Only one stretch of the records below should be repeated. It starts with the line containing "Cartão Jogadores de" and goes on through the line containing "Lot 130 - Box of assorted costume jewellery", exactly as written.

(Exercise input begins)

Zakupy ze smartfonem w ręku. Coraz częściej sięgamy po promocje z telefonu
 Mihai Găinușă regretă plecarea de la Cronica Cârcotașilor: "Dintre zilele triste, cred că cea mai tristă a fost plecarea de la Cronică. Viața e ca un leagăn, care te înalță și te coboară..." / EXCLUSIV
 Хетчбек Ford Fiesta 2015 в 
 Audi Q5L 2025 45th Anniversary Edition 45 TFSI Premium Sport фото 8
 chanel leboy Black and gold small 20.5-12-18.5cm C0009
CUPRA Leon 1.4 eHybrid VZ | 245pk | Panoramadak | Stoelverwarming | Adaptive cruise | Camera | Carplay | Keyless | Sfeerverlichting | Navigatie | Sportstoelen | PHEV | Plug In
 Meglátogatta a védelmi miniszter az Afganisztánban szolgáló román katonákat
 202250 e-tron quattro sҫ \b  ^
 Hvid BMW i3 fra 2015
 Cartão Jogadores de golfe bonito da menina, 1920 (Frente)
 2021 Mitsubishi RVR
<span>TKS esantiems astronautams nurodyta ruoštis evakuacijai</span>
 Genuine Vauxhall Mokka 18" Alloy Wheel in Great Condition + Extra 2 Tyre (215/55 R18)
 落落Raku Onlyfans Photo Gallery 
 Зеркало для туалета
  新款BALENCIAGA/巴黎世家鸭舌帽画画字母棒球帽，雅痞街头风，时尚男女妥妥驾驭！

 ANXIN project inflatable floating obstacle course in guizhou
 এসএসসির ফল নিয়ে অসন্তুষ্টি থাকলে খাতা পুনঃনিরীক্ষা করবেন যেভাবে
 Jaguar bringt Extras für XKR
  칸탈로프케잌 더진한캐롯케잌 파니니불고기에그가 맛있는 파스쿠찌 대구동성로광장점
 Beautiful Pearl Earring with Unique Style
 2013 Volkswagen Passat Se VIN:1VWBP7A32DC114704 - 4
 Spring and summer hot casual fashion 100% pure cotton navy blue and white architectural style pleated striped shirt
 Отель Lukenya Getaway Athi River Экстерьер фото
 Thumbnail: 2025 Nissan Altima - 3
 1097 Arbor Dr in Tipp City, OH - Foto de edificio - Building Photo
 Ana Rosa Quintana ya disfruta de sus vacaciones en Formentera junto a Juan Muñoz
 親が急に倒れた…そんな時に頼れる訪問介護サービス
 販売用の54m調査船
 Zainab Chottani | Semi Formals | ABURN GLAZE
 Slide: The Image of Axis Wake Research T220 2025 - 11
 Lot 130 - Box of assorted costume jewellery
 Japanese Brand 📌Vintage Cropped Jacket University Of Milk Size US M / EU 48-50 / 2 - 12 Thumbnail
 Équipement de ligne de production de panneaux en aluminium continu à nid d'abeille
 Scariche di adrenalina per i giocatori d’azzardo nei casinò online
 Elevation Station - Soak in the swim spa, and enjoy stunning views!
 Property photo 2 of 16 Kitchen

(Exercise input ends)

- _Answer section_
 Cartão Jogadores de golfe bonito da menina, 1920 (Frente)
 2021 Mitsubishi RVR
<span>TKS esantiems astronautams nurodyta ruoštis evakuacijai</span>
 Genuine Vauxhall Mokka 18" Alloy Wheel in Great Condition + Extra 2 Tyre (215/55 R18)
 落落Raku Onlyfans Photo Gallery 
 Зеркало для туалета
  新款BALENCIAGA/巴黎世家鸭舌帽画画字母棒球帽，雅痞街头风，时尚男女妥妥驾驭！

 ANXIN project inflatable floating obstacle course in guizhou
 এসএসসির ফল নিয়ে অসন্তুষ্টি থাকলে খাতা পুনঃনিরীক্ষা করবেন যেভাবে
 Jaguar bringt Extras für XKR
  칸탈로프케잌 더진한캐롯케잌 파니니불고기에그가 맛있는 파스쿠찌 대구동성로광장점
 Beautiful Pearl Earring with Unique Style
 2013 Volkswagen Passat Se VIN:1VWBP7A32DC114704 - 4
 Spring and summer hot casual fashion 100% pure cotton navy blue and white architectural style pleated striped shirt
 Отель Lukenya Getaway Athi River Экстерьер фото
 Thumbnail: 2025 Nissan Altima - 3
 1097 Arbor Dr in Tipp City, OH - Foto de edificio - Building Photo
 Ana Rosa Quintana ya disfruta de sus vacaciones en Formentera junto a Juan Muñoz
 親が急に倒れた…そんな時に頼れる訪問介護サービス
 販売用の54m調査船
 Zainab Chottani | Semi Formals | ABURN GLAZE
 Slide: The Image of Axis Wake Research T220 2025 - 11
 Lot 130 - Box of assorted costume jewellery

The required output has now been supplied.